In a dream, a man was having a conversation with the Lord and asked, “I would like to know what heaven and hell are like.” The Lord led the man to down a hall to two doors. He opened one of the doors and the man looked in. There in the middle of the room was a large table and in the middle of the table was a huge pot of stew, which smelled delicious, making the man’s mouth water. The people sitting around the table were thin and sickly looking. They appeared to be famished. Each person held a very long handled spoon which was strapped to their arm. It was possible to reach into the pot of stew and get a spoonful, but because the handle was longer than their arm, they could not get the spoon to their mouth. The man shuttered at their misery and suffering. The Lord said, “You have seen hell.” They went to the next room and opened the door. The scene was exactly the same as the first, big table, big pot of stew and long handled spoons strapped to each person’s arm. The only difference was the people looked well nourished, in fact a little plump, and they were laughing and talking as though enjoying themselves. The man turned to the Lord and said, “I don’t understand.” “It’s simple” said the Lord. “It requires but one skill. You see, they have learned to feed each other, while the greedy next door think only of themselves.

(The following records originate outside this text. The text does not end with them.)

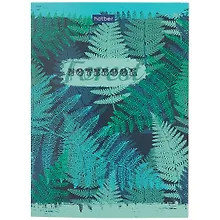 Купить Записная книжка в точку «Графика», А6 — Фото №1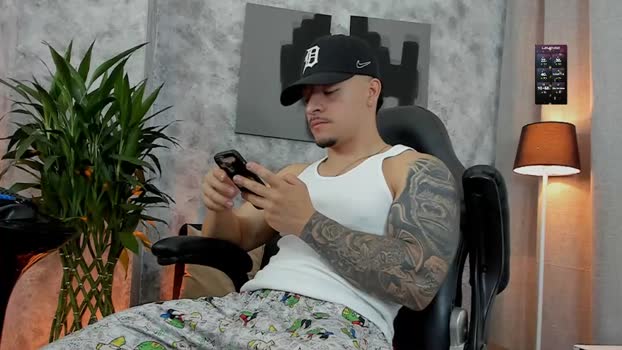 boyc02_ 22-07-2025 video handsome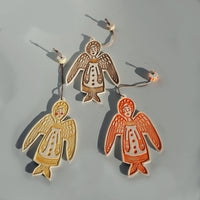 Christmas Angels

[John 17: 20-25] No, I don’t have the seasons mixed up. I know the birth of Christ is the reason for this season, so why would I pick a scripture from the time of His death? In the garden Jesus prayed for himself, the disciples and for all the believers to come, that’s you and me. And “…that all of them may be one, Father, just as you are in me and I am in you. May they also be in us so that the world may believe that you sent me. I have given them the glory that you gave me, that they may be one as we are one: I in them and you in me. May they be brought to complete unity to let the world know that you have sent me and have loved them even as you have loved me.” Then Jesus gave His all for you and me. God the Father gave us His son without a thought of gain. Jesus gave himself without a thought of gain. When you give this season, will you give without thought of gain? While teaching the birth of Christ to others and expressing your love with gifts, don’t forget to reach deep in the pot and feed them also, the death, burial and resurrection of our Lord. For Jesus was born to die on a cruel cross, the perfect sacrifice to God for the sins of the world, saving us from ourselves, and that’s a spoon-full of love we could never get for our self, nor can we ever repay. Feed someone from God’s Word.